## Try it
Set down all the records below, word for word.

## The input
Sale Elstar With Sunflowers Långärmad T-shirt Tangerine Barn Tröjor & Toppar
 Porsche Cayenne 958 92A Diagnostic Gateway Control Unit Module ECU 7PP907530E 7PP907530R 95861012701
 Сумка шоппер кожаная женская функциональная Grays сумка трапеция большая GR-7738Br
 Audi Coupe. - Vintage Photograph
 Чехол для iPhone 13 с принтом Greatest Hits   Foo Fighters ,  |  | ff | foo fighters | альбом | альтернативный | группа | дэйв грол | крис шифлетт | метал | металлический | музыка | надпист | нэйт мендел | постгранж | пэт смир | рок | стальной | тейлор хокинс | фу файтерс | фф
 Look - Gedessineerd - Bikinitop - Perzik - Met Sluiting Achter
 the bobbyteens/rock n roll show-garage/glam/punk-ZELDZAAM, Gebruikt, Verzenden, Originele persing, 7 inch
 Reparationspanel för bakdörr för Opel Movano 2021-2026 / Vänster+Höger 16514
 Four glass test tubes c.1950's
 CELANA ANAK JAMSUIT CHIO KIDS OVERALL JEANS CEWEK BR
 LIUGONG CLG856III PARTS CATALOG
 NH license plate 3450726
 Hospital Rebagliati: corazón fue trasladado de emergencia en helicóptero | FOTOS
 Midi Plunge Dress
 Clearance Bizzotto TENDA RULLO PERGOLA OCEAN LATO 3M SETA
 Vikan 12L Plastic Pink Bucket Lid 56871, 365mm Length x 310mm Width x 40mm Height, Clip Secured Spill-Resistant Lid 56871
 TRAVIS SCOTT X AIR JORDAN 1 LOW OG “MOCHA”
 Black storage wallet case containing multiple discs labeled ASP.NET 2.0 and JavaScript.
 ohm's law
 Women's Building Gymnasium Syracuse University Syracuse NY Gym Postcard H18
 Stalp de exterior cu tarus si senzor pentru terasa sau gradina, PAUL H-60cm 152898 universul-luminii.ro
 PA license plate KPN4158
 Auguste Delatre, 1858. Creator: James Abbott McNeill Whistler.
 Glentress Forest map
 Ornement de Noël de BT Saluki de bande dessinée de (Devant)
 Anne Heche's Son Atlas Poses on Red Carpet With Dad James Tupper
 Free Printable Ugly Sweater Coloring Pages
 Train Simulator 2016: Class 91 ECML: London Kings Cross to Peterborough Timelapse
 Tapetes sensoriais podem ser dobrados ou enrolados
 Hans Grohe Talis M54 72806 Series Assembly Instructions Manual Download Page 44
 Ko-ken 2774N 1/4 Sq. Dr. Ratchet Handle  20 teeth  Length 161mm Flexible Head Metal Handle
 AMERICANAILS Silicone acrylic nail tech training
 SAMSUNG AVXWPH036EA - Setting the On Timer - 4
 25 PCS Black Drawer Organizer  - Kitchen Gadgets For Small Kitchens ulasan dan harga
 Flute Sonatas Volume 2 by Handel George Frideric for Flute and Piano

## Task output
Sale Elstar With Sunflowers Långärmad T-shirt Tangerine Barn Tröjor & Toppar
 Porsche Cayenne 958 92A Diagnostic Gateway Control Unit Module ECU 7PP907530E 7PP907530R 95861012701
 Сумка шоппер кожаная женская функциональная Grays сумка трапеция большая GR-7738Br
 Audi Coupe. - Vintage Photograph
 Чехол для iPhone 13 с принтом Greatest Hits   Foo Fighters ,  |  | ff | foo fighters | альбом | альтернативный | группа | дэйв грол | крис шифлетт | метал | металлический | музыка | надпист | нэйт мендел | постгранж | пэт смир | рок | стальной | тейлор хокинс | фу файтерс | фф
 Look - Gedessineerd - Bikinitop - Perzik - Met Sluiting Achter
 the bobbyteens/rock n roll show-garage/glam/punk-ZELDZAAM, Gebruikt, Verzenden, Originele persing, 7 inch
 Reparationspanel för bakdörr för Opel Movano 2021-2026 / Vänster+Höger 16514
 Four glass test tubes c.1950's
 CELANA ANAK JAMSUIT CHIO KIDS OVERALL JEANS CEWEK BR
 LIUGONG CLG856III PARTS CATALOG
 NH license plate 3450726
 Hospital Rebagliati: corazón fue trasladado de emergencia en helicóptero | FOTOS
 Midi Plunge Dress
 Clearance Bizzotto TENDA RULLO PERGOLA OCEAN LATO 3M SETA
 Vikan 12L Plastic Pink Bucket Lid 56871, 365mm Length x 310mm Width x 40mm Height, Clip Secured Spill-Resistant Lid 56871
 TRAVIS SCOTT X AIR JORDAN 1 LOW OG “MOCHA”
 Black storage wallet case containing multiple discs labeled ASP.NET 2.0 and JavaScript.
 ohm's law
 Women's Building Gymnasium Syracuse University Syracuse NY Gym Postcard H18
 Stalp de exterior cu tarus si senzor pentru terasa sau gradina, PAUL H-60cm 152898 universul-luminii.ro
 PA license plate KPN4158
 Auguste Delatre, 1858. Creator: James Abbott McNeill Whistler.
 Glentress Forest map
 Ornement de Noël de BT Saluki de bande dessinée de (Devant)
 Anne Heche's Son Atlas Poses on Red Carpet With Dad James Tupper
 Free Printable Ugly Sweater Coloring Pages
 Train Simulator 2016: Class 91 ECML: London Kings Cross to Peterborough Timelapse
 Tapetes sensoriais podem ser dobrados ou enrolados
 Hans Grohe Talis M54 72806 Series Assembly Instructions Manual Download Page 44
 Ko-ken 2774N 1/4 Sq. Dr. Ratchet Handle  20 teeth  Length 161mm Flexible Head Metal Handle
 AMERICANAILS Silicone acrylic nail tech training
 SAMSUNG AVXWPH036EA - Setting the On Timer - 4
 25 PCS Black Drawer Organizer  - Kitchen Gadgets For Small Kitchens ulasan dan harga
 Flute Sonatas Volume 2 by Handel George Frideric for Flute and Piano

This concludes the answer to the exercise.